Off-balance sheet lending also unexpectedly spiked in November, raising concerns of tighter liquidity if regulators crack down on the shadow banking sector, economist David Qu at ANZ said.
New bank loans rose to a record 11.6 trillion yuan in the first 11 months of the year, according to Reuters calculations based on central bank data, and have handily surpassed the levels of China's massive credit-led stimulus during the global financial crisis in 2009.
But analysts said the increase in November was partly seasonal, as outstanding yuan loan growth held steady at 13.1 percent by month-end on an annual basis, unchanged from October.
SUBDUED CORPORATE DEMAND
Corporate loan growth remained weak in November, increasing by only 165.6 billion yuan. That pointed to subdued credit demand from companies and a preference by banks to lend to households, as mortgages are usually considered higher quality assets, said Nomura economist Yang Zhao.
"With the property market cooling down, I would expect that loan growth faces downward pressure next year. I don't think there is a fundamental improvement in investment demand by corporates," said Yang.
Mid- to long-term loans to households rose to 569.2 billion yuan, or 71.2 percent of all loans, up from September's 66.5 percent, though analysts said it might take a few months to know how tighter restrictions will impact mortgages.
Analysts polled by Reuters had expected new lending to have risen to 720 billion yuan from October's 651.3 billion yuan.
Broad M2 money supply (M2) grew 11.4 percent from a year earlier, central bank data showed on Wednesday, slightly below forecasts.
Outstanding loans had been forecast to rise 13 percent, while money supply was seen up 11.5 percent.
SHADOW LENDING JUMPS
China's total social financing (TSF), a broad measure of credit and liquidity in the economy, hit the highest level since March on a big jump in shadow banking. TSF rose to 1.74 trillion yuan in November from 896.3 billion yuan in October, with about half of the increase coming from shadow lending.
"We infer from the regulatory crackdown on insurance companies that they are the latest front in the authorities' battle with credit flowing through the shadow banking system. We think the authorities are winning" ING's chief Asia economist Tim Condon wrote in a note.
The chairman of China's insurance regulator said on Tuesday that the country's insurers should not be short-term capital market "savages".
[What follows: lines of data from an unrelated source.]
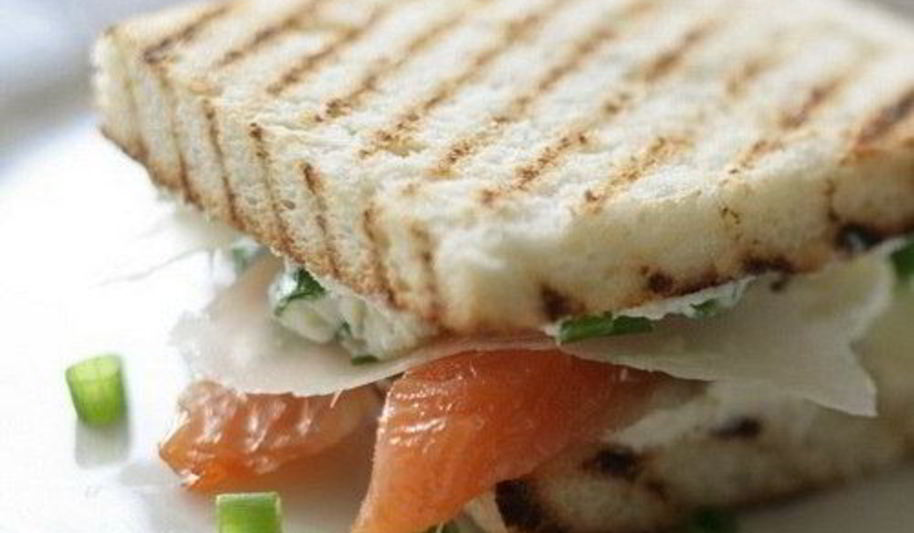 Рецепт сэндвича со слабосоленой семгой и сливочным сыром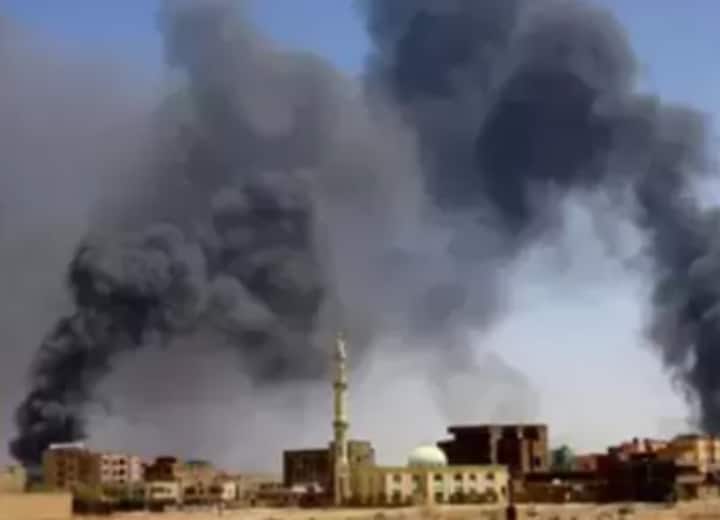 सूडान युद्ध: सेना और अर्धसैनिक बलों के बीच जंग में तेजी, रॉकेटों की बरसात, 16 – राजनीति गुरु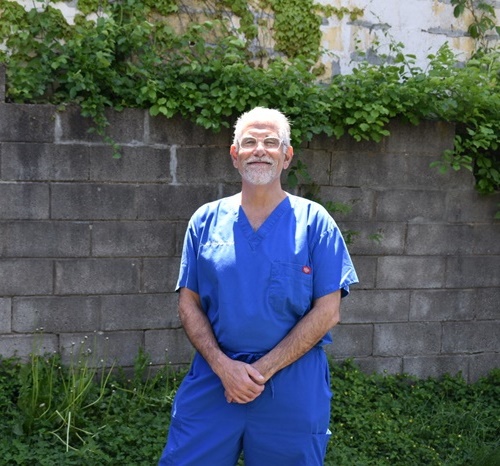 Dr. Daniel Silverberg V.M.D Veterinarian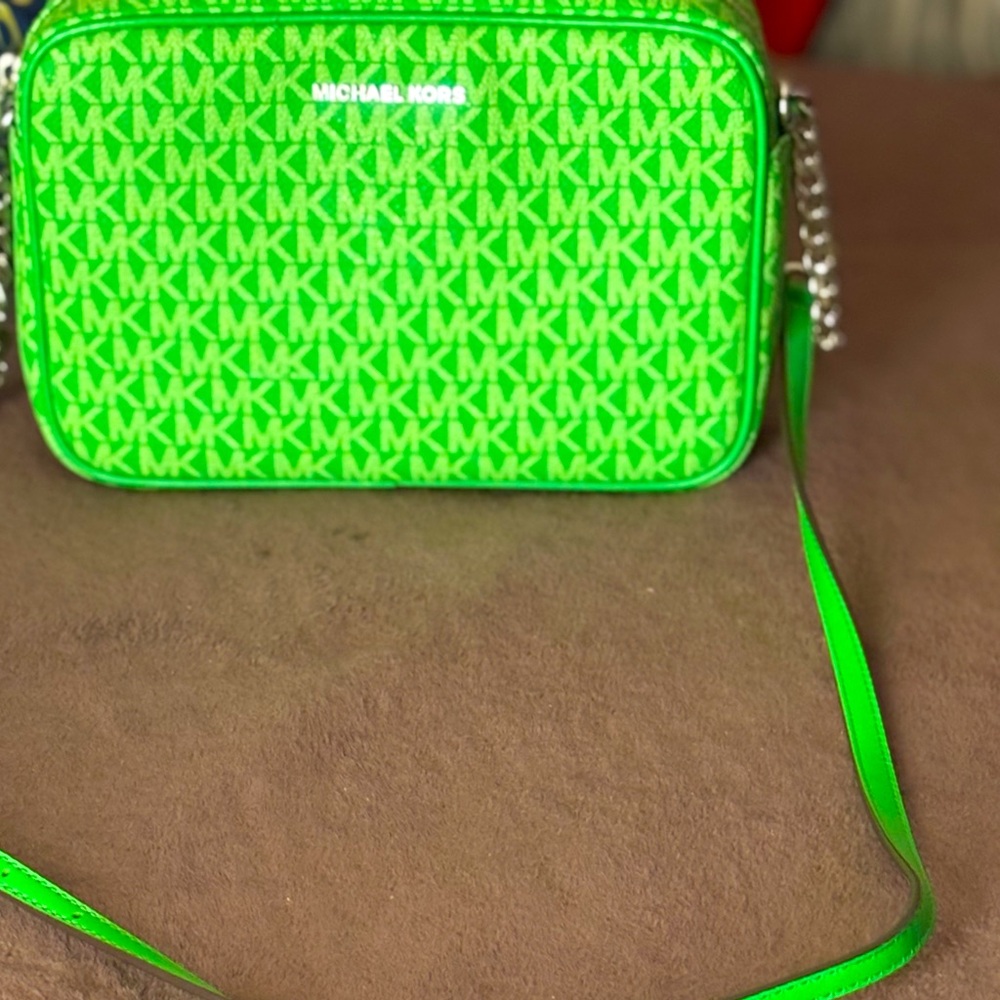 Micheal Kors Crossbody!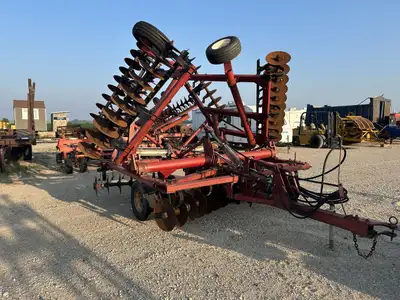 Welcome to Jeff Vanleer Farm Equipment 24 ft white 271 offset disc. Rockflex. Dual axles. 18" discs...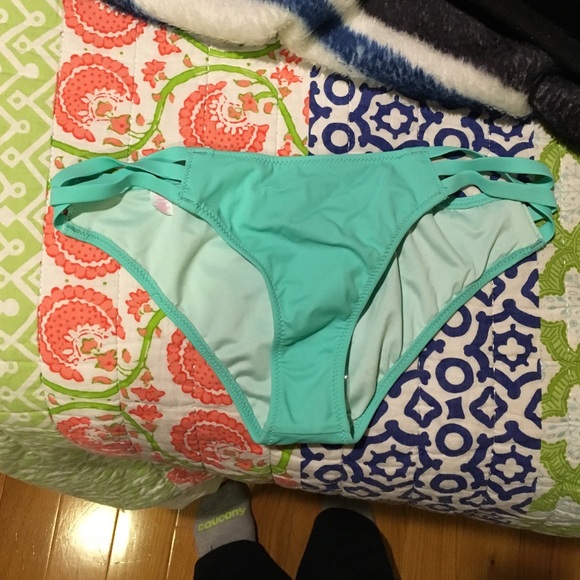 VICTORIAS SECRET swim bottoms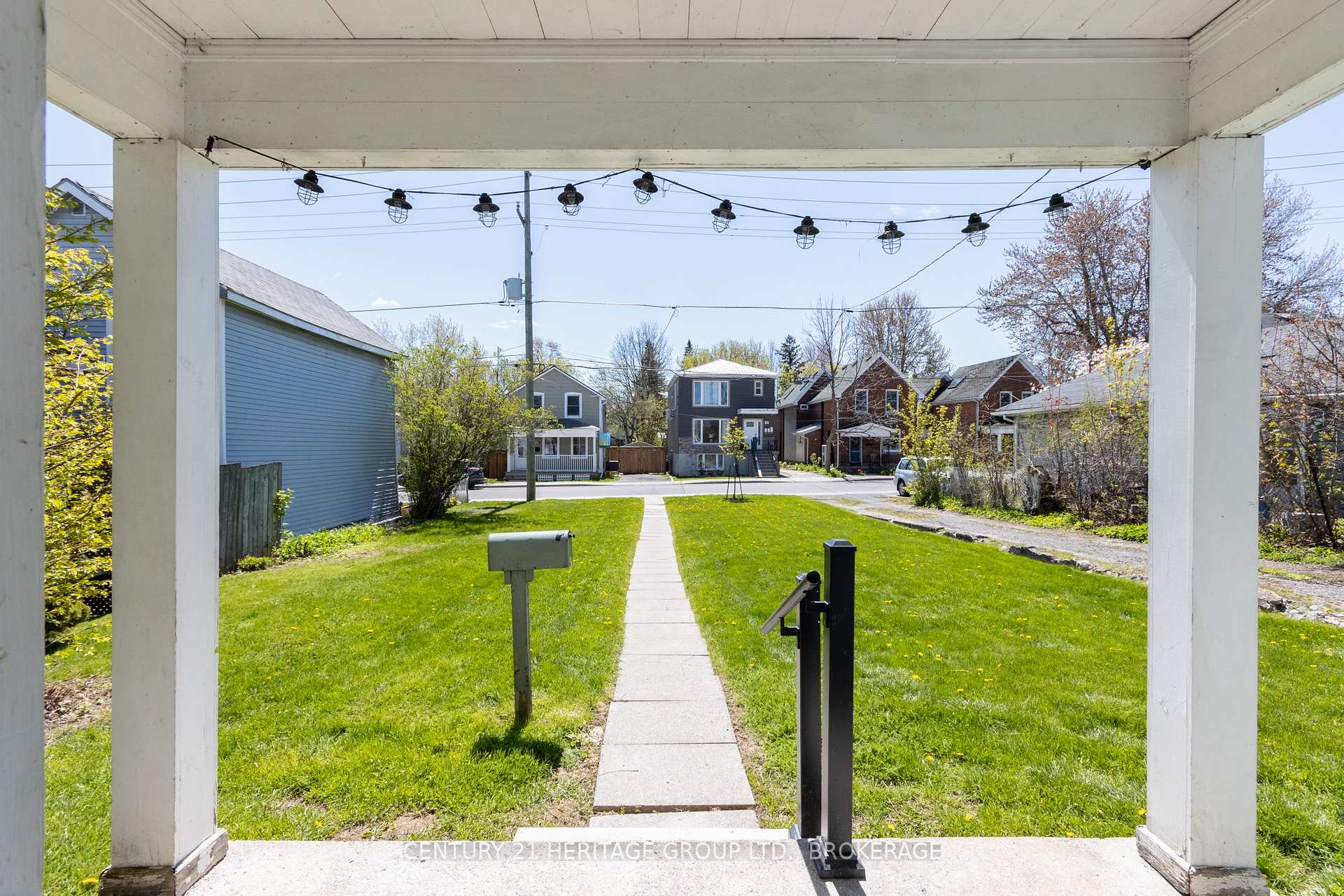 Photo 33 of 135 James Street, Kingston, East of Sir John A. Blvd — HOMEH
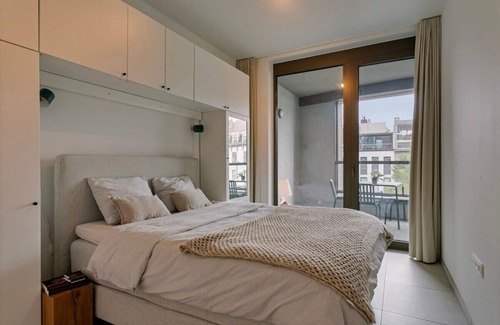 De Kaaien Apartment | New build 1BDR apartment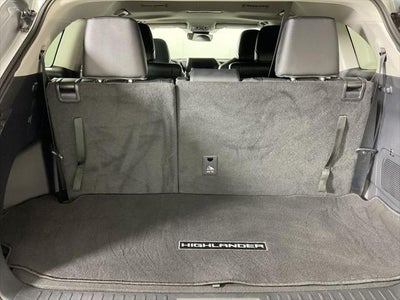 2024 Toyota Highlander Hybrid XLE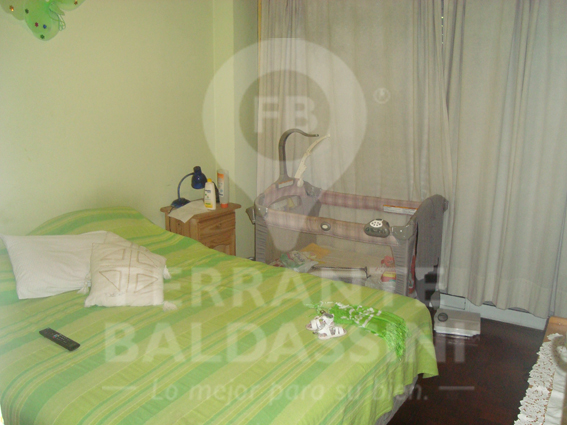 BURZACO DEPTO DE 3 AMB EN 1ER PISO. EXCELENTE UBICACION S/AV.HIPOLITO IRIGOYEN. A POCAS CDRAS ESTAC.BURZACO.LINEAS COLECTIVO X ESQUINA: CAÑUELAS, 501,406, ETC. C/ESPACIO PARA GURADAR AUTO — foto 6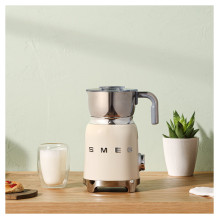Smeg MFF11CREU milk frother / warmer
TSF includes off-balance sheet forms of financing that exist outside the conventional bank lending system, such as initial public offers, loans from trust companies and bond sales.
Trust loans increased by 162.5 billion yuan in November, the biggest increase in nearly two years, while undiscounted bankers' acceptances increased at the fastest pace since January.
"Today's surprising data will likely trigger some regulatory concerns. Shadow banking activities are expected to wane," ANZ's Qu wrote in a note.
China's central bank said recently that it will maintain ample liquidity in the economy while taking steps to prevent asset bubbles, adding that the balance between stabilizing growth and preventing bubbles has become more challenging.
The Chinese economy expanded at a steady 6.7 percent in the third quarter and looks set to hit Beijing's full-year target, fueled by stronger government spending, a red-hot property market and ample credit that are adding to its growing pile of debt.
China's overall debt has jumped to more than 250 percent of GDP from 150 percent at the end of 2006, the kind of surge that in other countries has resulted in a financial bust or sharp economic slowdown, analysts say.